The story of Reformation fragmentation is a complicated one, but we can isolate one central thread: Luther and Zwingli divided over the issue of the real presence at the Colloquy of Marburg in 1529. Once they divided, their followers perpetuated the division. Each side, of course, was convinced it was defending the true Reformation and that the opposing side had compromised or distorted the gospel. So convinced, they maintained separated traditions in order to protect the purity of the gospel.

While Marburg had the intention of unifying and bringing disparate parties together, it didn’t actually accomplish this.  It had the opposite effect, as Leithart notes:

The initial division at Marburg in 1529 was unwanted.
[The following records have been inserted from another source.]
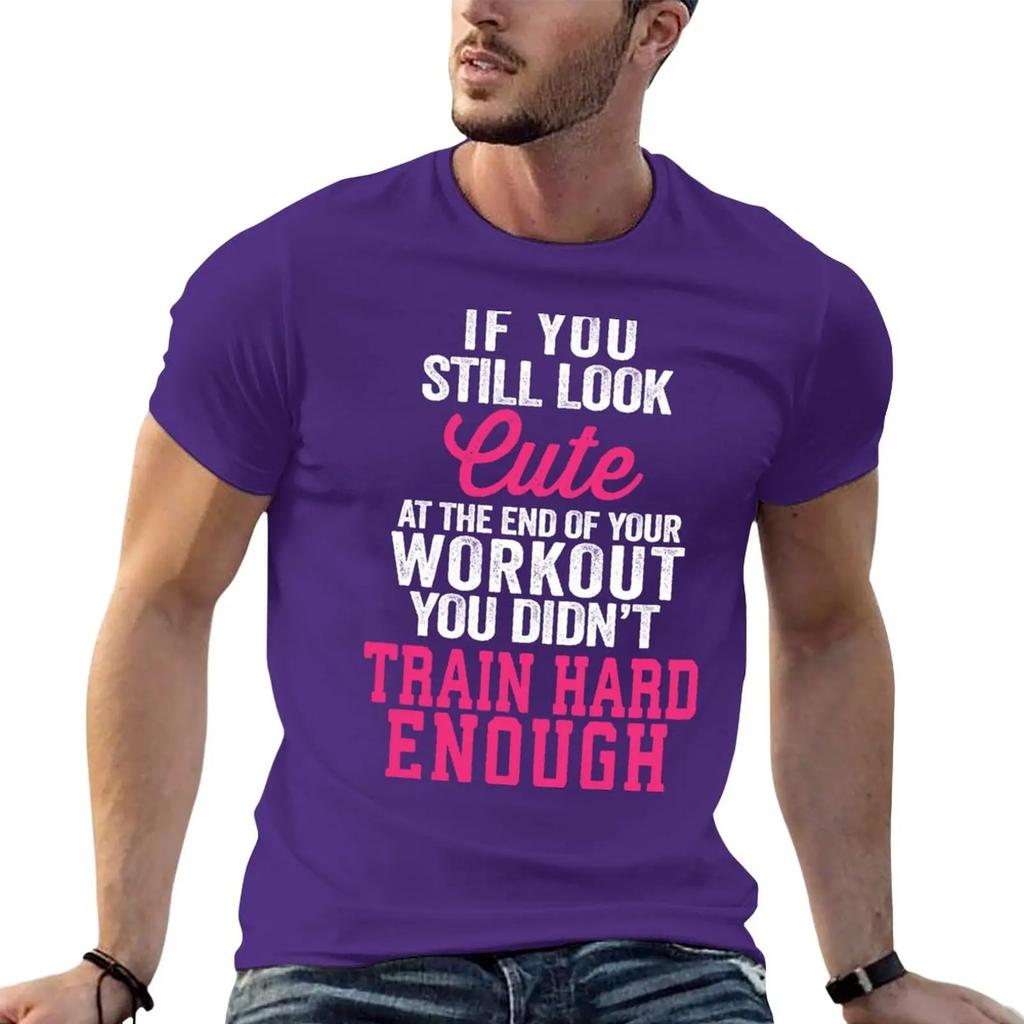 If You Still Look Cute At The End Of Your Workout You Didn't Train Hard Enough T-Shirt tops tees big and tall t shirts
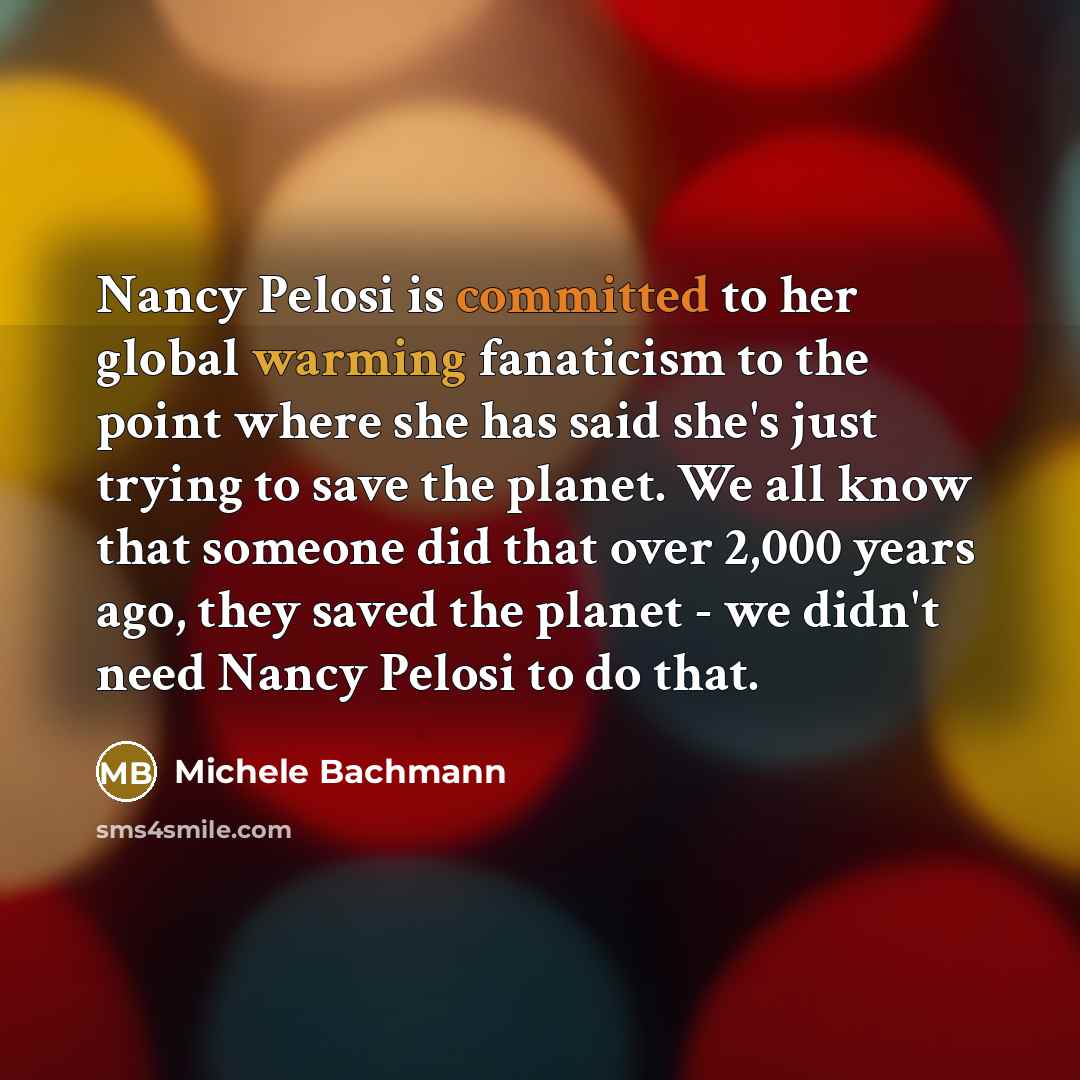 “Nancy Pelosi is committed to her global warming fanaticism to the point where she has said she's just trying to save the planet. We all know that someone did that over 2,000 years ago, they saved the planet - we didn't need Nancy Pelosi to do that.” quote by Michele Bachmann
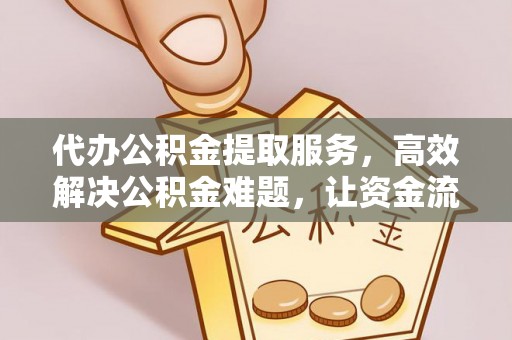 汉中代办公积金提取服务，高效解决公积金难题，让资金流动更自由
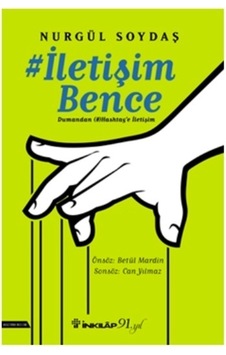 İletişim Bence-Dumandan Hashtag'e İletişim - Nurgül Soydaş - İnkılap Kitabevi İletişim Bence-Dumandan Hashtag'e İletişim - Nurgül Soydaş - İnkılap Kitabevi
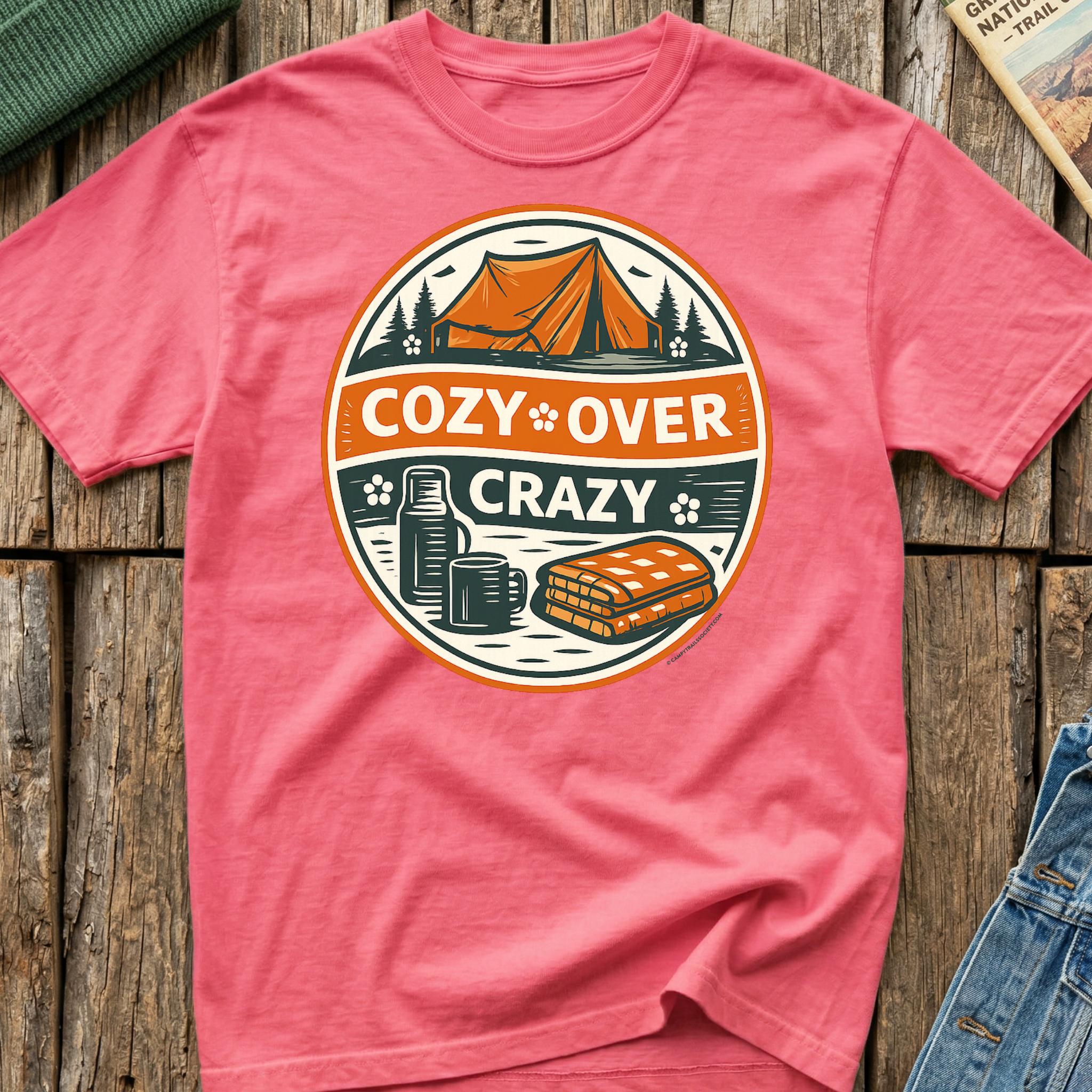 Cozy Over Crazy T-Shirt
Marburg began as an effort to unify the Protestant movement. But once Luther and Zwingli parted ways, the development of separate Lutheran and Reformed traditions was intentional.

A House Divided Still

Until we get the story of the Reformation straight, our divisions will persist.  Leithart’s ultimate view of the story of the Reformation is telling:

Had the Reformers been permitted [CS-empahsis added] to remain in the Catholic church, had the Catholic hierarchy been amenable to correction and repentance, the Reformation might have succeeded.

And:

Forcibly expelled [CS – emphasis added] from the Catholic church, divided into separate traditions, the Reformation failed: Failed in its initial and over-arching aim – to reform the Western church according to the gospel, to Christianize Christian civilization in Western Europe.

Luther was permitted to remain in the Catholic Church.  He was not in any way “forcibly expelled.”  This obscures the basic facts of the situation and misunderstands how the Church has always dealt with matters of heresy.  Luther stubbornly and defiantly refused to recant and repent.  He was deemed out of bounds by the legitimate authority in the Catholic Church.  Luther excommunicated himself.

Leithart concludes:

Protestantism will not reach its end goal until the Reformation’s divisions end.

A key aspect of ending the divisions will have to do with healing the divisive attitudes and practices that started the whole thing.  I’m going to end on what I think is a key aspect of the current agreement between Lutherans and Catholics in From Conflict to Communion, from Section 16:

What happened in the past cannot be changed, but what is remembered of the past and how it is remembered can, with the passage of time, indeed change. Remembrance makes the past present. While the past itself is unalterable, the presence of the past in the present is alterable. In view of 2017, the point is not to tell a different history, but to tell that history differently.